Mobile Computing: Bis ins Jahr 2007 sollen 60 Prozent aller Amerikaner zwischen 15 und 50 Jahren einen tragbaren Computer besitzen. Sie kommunizieren drahtlos und dies etwa sechs Stunden am Tag. "Die starke Verbreitung von drahtlosen, tragbaren Computern wird Anbieter und Konsumenten näher und näher zusammenbringen, beispielsweise in Kommunen, über abrufbare Informationen oder andere Services", sagt Fenn.



Tragbare Computer werden die Gunst der Stunde nutzen und die absolute Leaderposition im Handel übernehmen. Dies alles resultierend aus den unzähligen Dienstleistungen, die über das drahtlose Netz abrufbar sind und noch kommen werden. Und bis 2009 werden 70 Prozent aller Amerikaner diese "intelligenten Kommunikationseinheiten" implementiert haben und somit immer mit sich herumtragen.



Dies ist wohl mehr als eine Prophezeiung, doch könnte es sein, dass wir uns alle einmal noch an diese Gartner-Prognose erinnern werden.



Die Verknüpfung der Welt: Bis ins Jahr 2008 sollen im Business-to-Consumer-Bereich für 90 Billionen Dollar Kaufentscheidungen getroffen werden, und gar für 350 Billionen Dollar im Business-to-Business-Bereich. Diese Kaufentscheidungen werden auf ebensolchen Verknüpfungen basieren, die Informationen und Meinungen über das zu kaufende Produkt enthalten. "Die Flut an Informationen, Produkten und Dienstleistungen, die schon heute für Kunden und Geschäfte verfügbar sind, und auch genutzt werden, spornen nur noch mehr an, den Fokus weiter auf diese Bahn zu lenken, und es den Konsumenten zu ermöglichen, noch mehr Auswahlmöglichkeiten zu erlangen" sagt Linden. "Diese verknüpfte Industrie wird das Kaufverhalten der Kunden ändern, womit neue Industrien enstehen werden in den Bereichen Beratung und Marktforschung."

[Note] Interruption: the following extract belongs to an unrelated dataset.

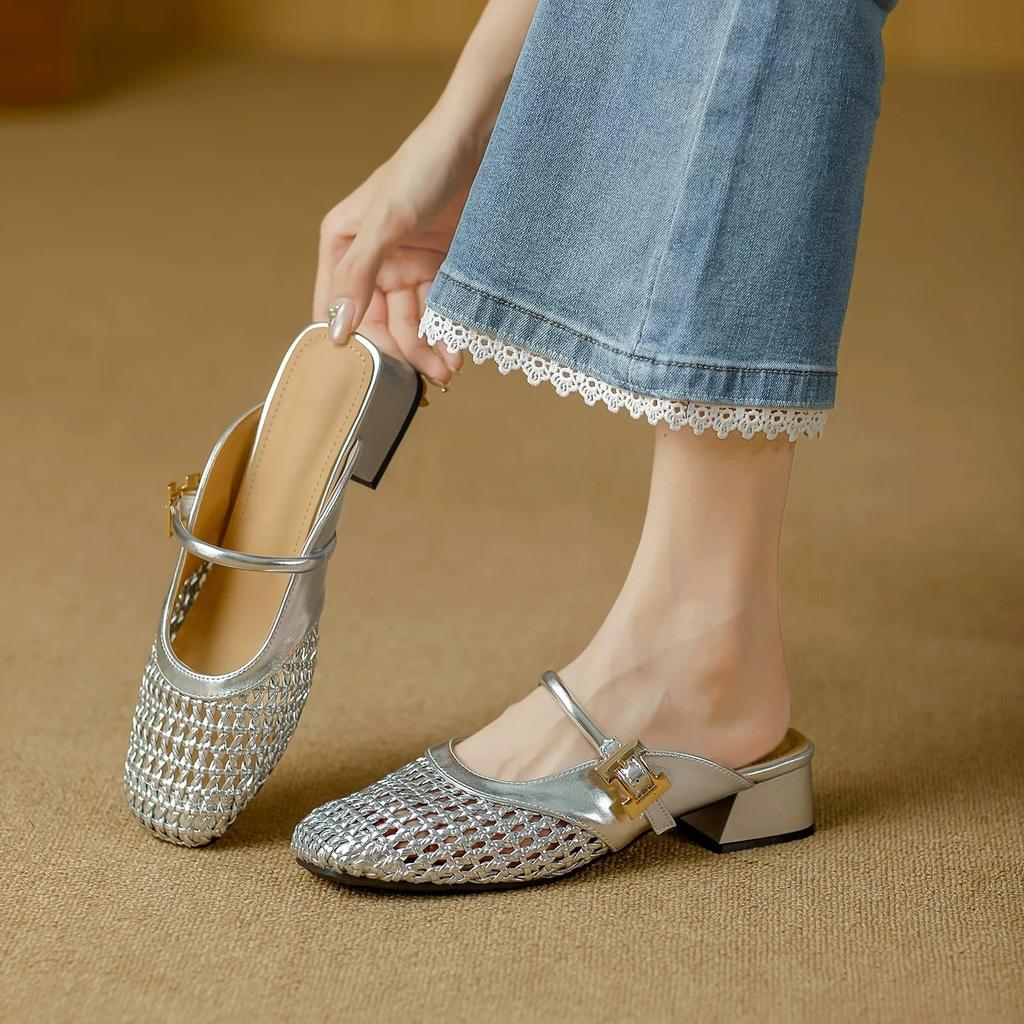 Square head woven hollow bag head half slippers women's 2025 summer new wear thick heel fashion sandals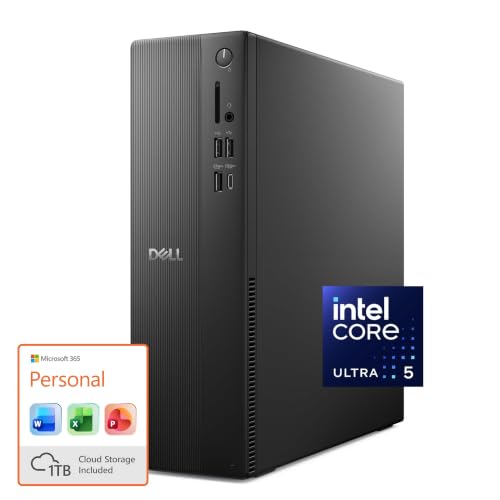 Image of Dell Slim Desktop ECS1250 - Intel Core Ultra 5-225 Processor, UHD Graphics, 16GB Memory, 512GB M.2 SSD, Windows 11 Home, Onsite+Migrate Service with Microsoft 365 Personal (1 Year)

Was Gartner wohl damit sagen möchte ist, wer den Kunden bei seiner Shopping-Tour besser unterstützt, macht auch das bessere Geschäft.




Kaum Neues an der Trendfront

Gartner predigt also Trends, basierend auf Gegebenheiten, von denen noch keiner je etwas gehört haben soll. Entschuldigung, dass ich dies so zynisch kommentiere, im Stillen bin ich ja damit einverstanden, dass all diese Trends wichtig sind, nur bin ich erregt darüber, dass so hochbezahlte studierte Köpfe wie die von Gartner mir nichts wirklich Neues erzählen. So ging ich denn auch zu meinen Bossen und sagte ihnen, dass wir Gartners Neuigkeiten anstelle meiner Kolumnen veröffentlichen könnten. Zum Trost für alle sei gesagt: Das Beispiel von Gartner ist ein Beweis dafür, dass es nicht nötig ist, viel Geld auszugeben, nur um zu wissen, woher der Wind weht.